# What Temp is Your Fridge/Freezer?



## California Jim (Dec 11, 2003)

I recently picked up a fridge/freezer thermometer while at the grocery store to check this out. Because we have the Outback at home and access to hook-ups, I leave it plugged in with the fridge running all the time. Right now it's mostly empty, and because of how long it's been plugged in these numbers have got to be as cold as it will get.

Fridge 35, freezer +3.


----------



## kjp1969 (Apr 25, 2004)

That's about where ours was on our last trip, running on electric before the trip and entirely on propane for 4 days.
Kevin P.


----------



## Y-Guy (Jan 30, 2004)

Jim I'd have to look at my thermometers, I know when I'm camping they are right at the safe zone in both. A thought... if you leave it running all the time toss in some old milk jugs with water in the fridge/freezer, should make your system work less hard keeping it cool and might help it last longer too.


----------



## jnk36jnk (Mar 9, 2004)

The only thermometer I use is beer, if it's cold, the reefer must be working OK. I check it every now and then while camping and so far it's been perfect.








Dean


----------



## Golden Mom (Apr 25, 2004)

I have a thermometer in the fridge. It stays in the blue mark at 40. Not sure of the freezer though. I usually pack a gallon ziploc bag of ice cubes from the house freezer to use. Beats those ice trays. Yes, I'm spoiled to an ice maker. Anyway, it helps like Y-Guy mentioned.

Have a great day! sunny


----------



## Y-Guy (Jan 30, 2004)

jnk36jnk said:


> The only thermometer I use is beer, if it's cold, the reefer must be working OK. I check it every now and then while camping and so far it's been perfect.


----------



## camping479 (Aug 27, 2003)

Our fridge is about 38 degrees. The freezer does not have a thermometer, but everything is frozen rock solid









According to the beer check method, it's just about right









We turned ours on in May and haven't shut it off since. We try to keep it pretty well stocked so it's one less thing to get ready to go.

Mike


----------



## California Jim (Dec 11, 2003)

We do have a few things in there now. Freezer: 1/2 dz burritos, 2 cans frozen juice concentrate. Fridge: ketchup, mustard, mayo, few juice boxes, coffee.

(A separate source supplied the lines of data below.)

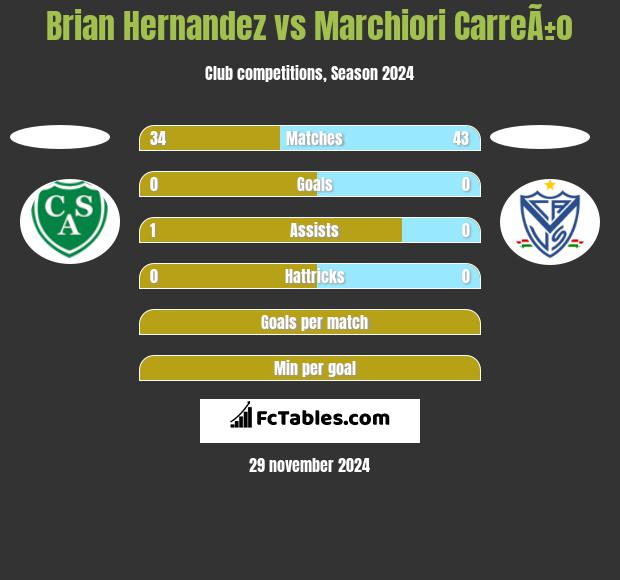 Brian Hernandez vs Marchiori CarreÃ±o h2h player stats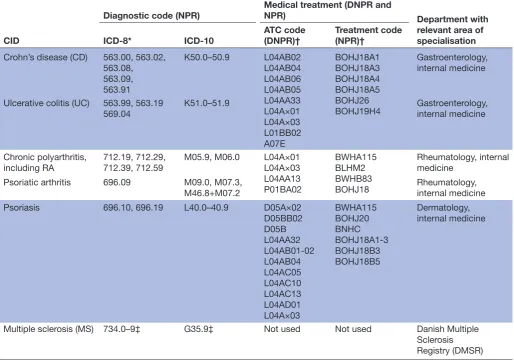 Table 2 Specification of outcome chronic inflammatory diseases (CIDs) with associated diagnostic code and treatment codes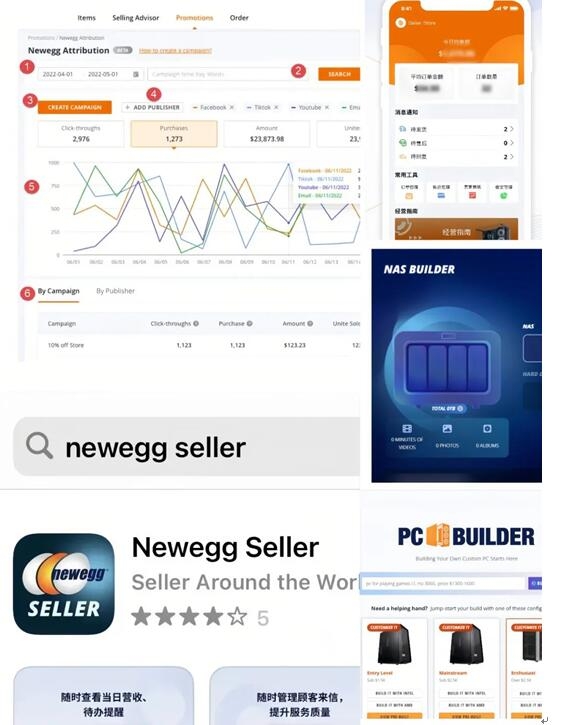 新蛋跨境电商,新蛋跨境电商在中国影响力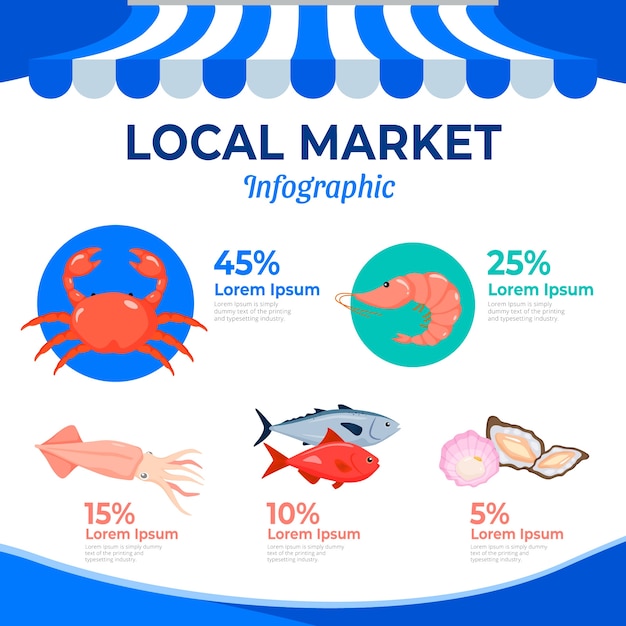 Vettore gratuito modello di infografica mercato locale design piatto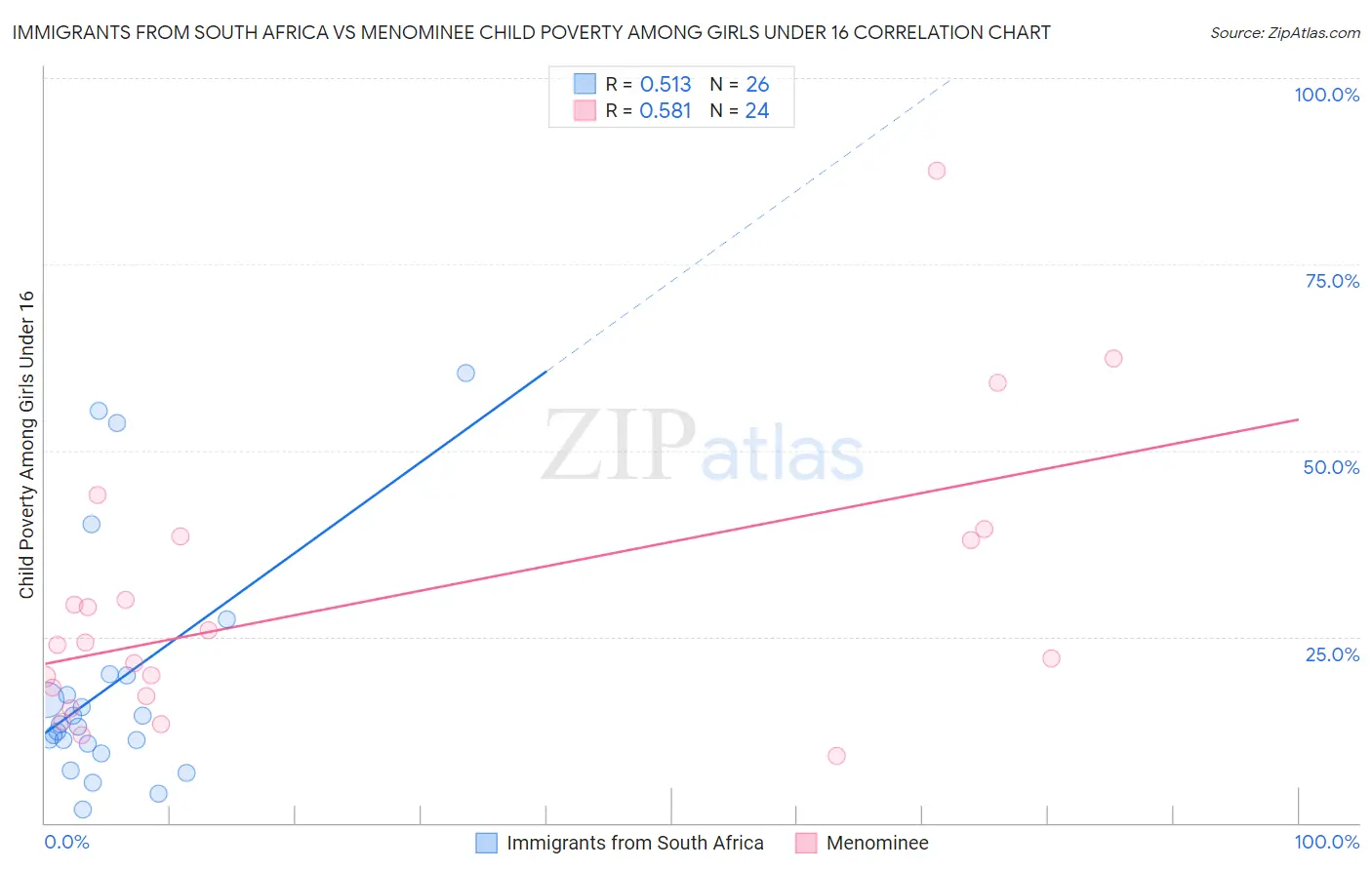 Immigrants from South Africa vs Menominee Child Poverty Among Girls Under 16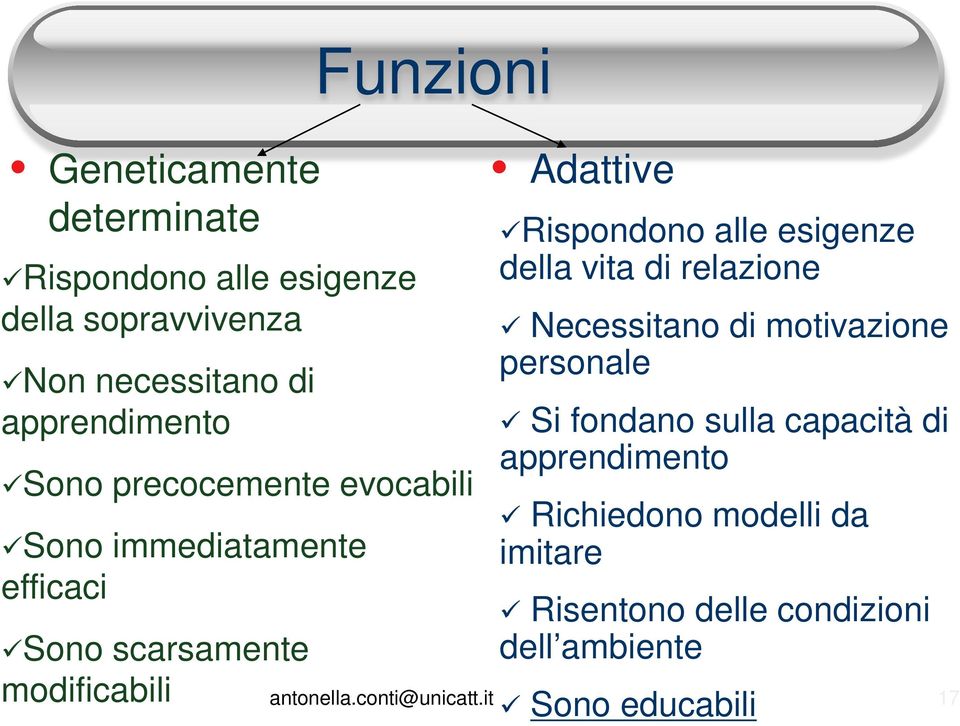 della vita di relazione Necessitano di motivazione personale Si fondano sulla capacità di apprendimento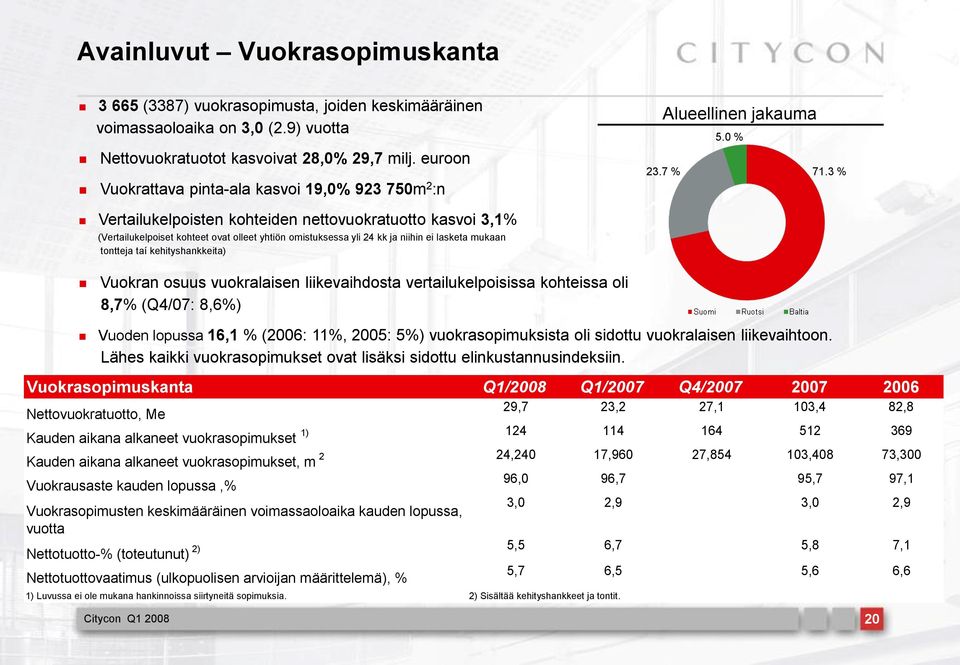 3 % Vertailukelpoisten kohteiden nettovuokratuotto kasvoi 3,1% (Vertailukelpoiset kohteet ovat olleet yhtiön omistuksessa yli 24 kk ja niihin ei lasketa mukaan tontteja taí kehityshankkeita) Vuokran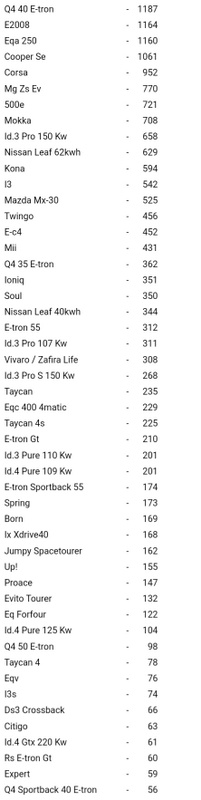Afbeeldingslocatie: https://tweakers.net/i/sc2ibFNDgDHj4Amwq4SokzeSRw0=/x800/filters:strip_icc():strip_exif()/f/image/xXspAAWGshGPDazAEXFwoaE3.jpg?f=fotoalbum_large
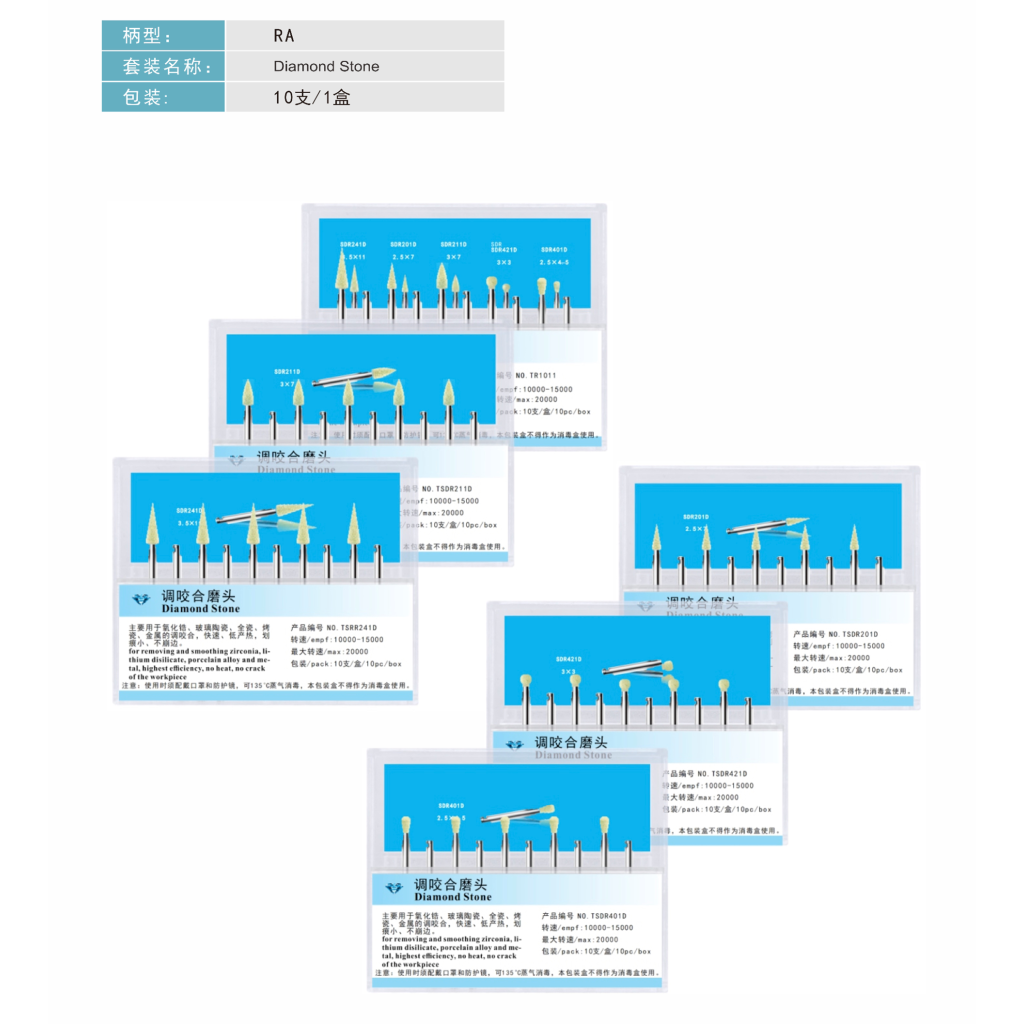 clinic spcific kits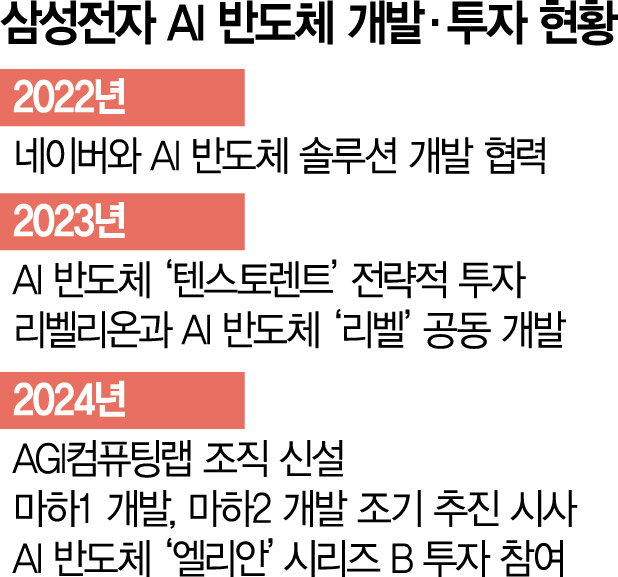 삼성전자동원 이미지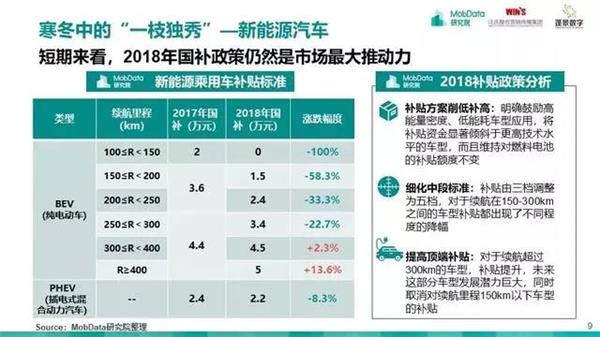 汽车后市场,研究报告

Is it just me or will those cans of "frozen" juice concentrate just NEVER freeze? Even at +3F my lemonaide/iced tea is still kinda soft


----------



## hurricaneplumber (Apr 12, 2004)

No thermometers here, I use Dean's method.







Never had a problem yet with temperature.

KS


----------



## snsgraham (May 18, 2004)

On the subject of refer temps, ours seems to be on the warmer side by Daves test. Our test subject is milk though.

So the question would be....is there an adjustment for making the thing cooler?

Scott


----------



## luv2rv (Jun 21, 2004)

Same test here for the fridge ... Beer has always been good and cold.









As for the freezer we have some boneless chicken breasts in there that are rock solid.

Wayne


----------



## Thor (Apr 7, 2004)

Dean's method is our prefered method.









No issue keeping items cold or frozen running on electric or propane.

Thor


----------



## Cats4Nat (Jan 28, 2004)

To keep things especially frozen...ice cream, popsicles, frozen juice...put them directly on the bottom of freezer...not on the wire shelf above.

Also, freeze from home first....ice cream gets very soft if on wire shelf in freezer.

Sandra


----------



## NDJollyMon (Aug 22, 2003)




----------



## hatcityhosehauler (Feb 13, 2004)

Well, since I keep my beer in a cooler, with lots of ice, the only way to gauge the temp in fridge is with a thermometer. I checked it this weekend while camping. On gas, freezer was about 6-7 above zero, and fridge was about 35-38. I still need to check electric. Had some problems with it this weekend, so I left the fridge on gas for the weekend, dispite having full hookups.

Tim


----------